2019年02月18日 00時00分00秒 | #小説

 どれくらいの精度で物事がその通りになるかという割合を表(あらわ)したもの・・それが確率である。%[パーセント]や割(わり)などといった単位が使用され、「合格率は70%だっ! まあ大丈夫さっ!」とか言われ、思わずニタリ! としたり、「ははは…合格率30%じゃ、君、ダメだよっ! 他の志望校にしなさいっ!」などとダメ出しされ、落ち込んだりする。それならアンタ、50%ならどうなのよっ! と訊(たず)ねたいぐらいのものだが、^^ これらはすべて、確率として数値化されているのである。
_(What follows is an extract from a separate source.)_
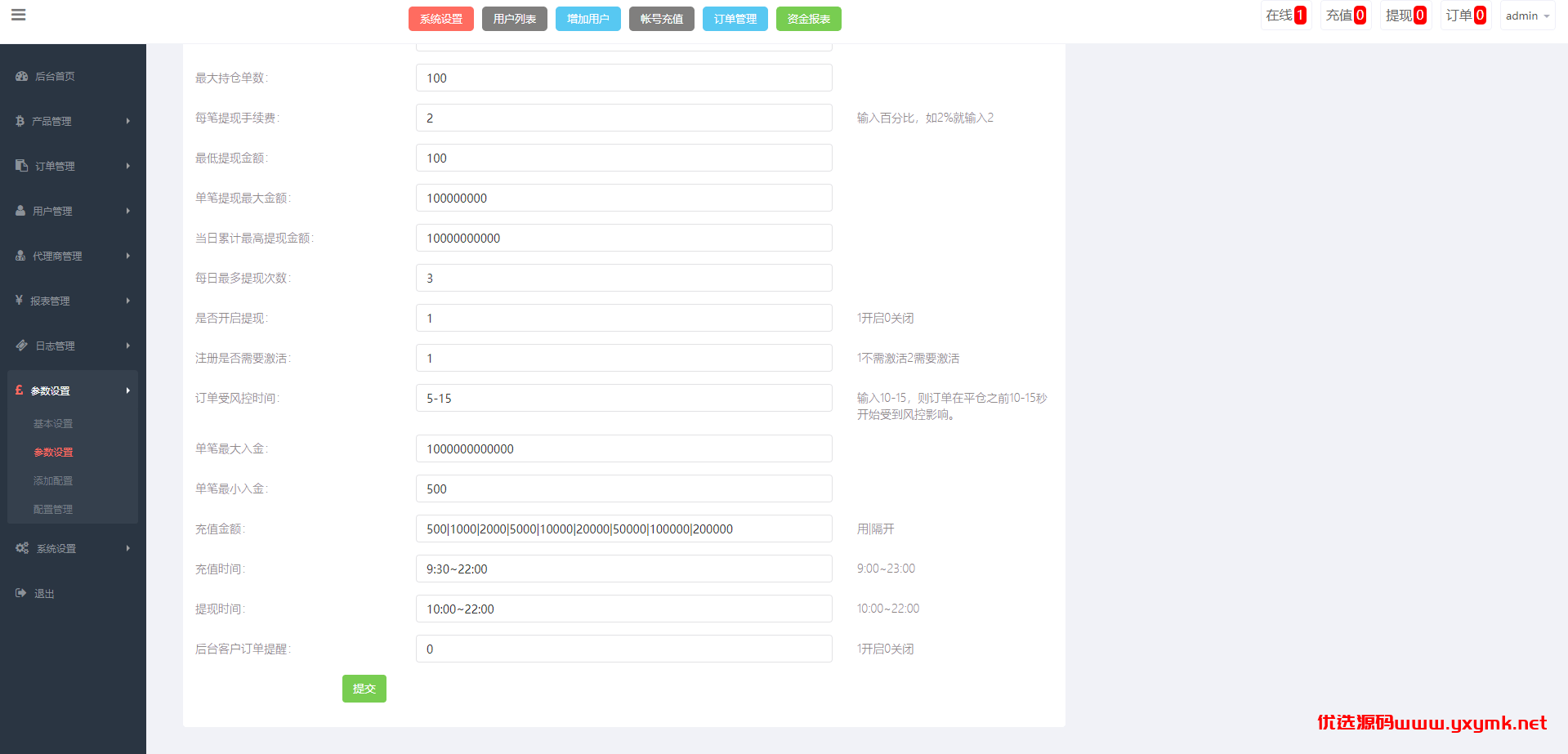 【优选代售】运营版微盘期货交易系统/微交易源码/代理后台/用户风控 - 截图14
この確率そのものを分析すれば、いろいろな分野で使用されていることが分かって面白い。その一例のお話を示そう。
 とある競馬場である。
「3枠(わく)のドライカレー? …いやっ! それはない、それはないっ!!」
「だって、あのパドック見ただろっ?! 馬が走りますよ、走りますよっ! って、尻尾(しっぽ)振ってたじゃないかっ!」
「お前は馬が尻尾、振りゃ、勝つと思ってんのかっ!?」
「だって…俺の確率、高いんだぜっ!」
「いやいやいや、ドライカレーは絶対、来ないっ! 来るのはこれっ! 1枠、ヤキニクバサミっ!!」
「えぇ~~っ? ヤキニクバサミぃ~? ヤキニクバサミは煙(けむ)いぜっ!」
「ああ、煙いが、必ず来るっ! 確率100%だっ!」
 レースの着順結果はっ!? ^^ 2枠のエースハンバーグが1着、ドライカレーは、かろうじて面目(めんもく)を保(たも)って2着、ヤキニクバサミは撃沈の最下位着だった。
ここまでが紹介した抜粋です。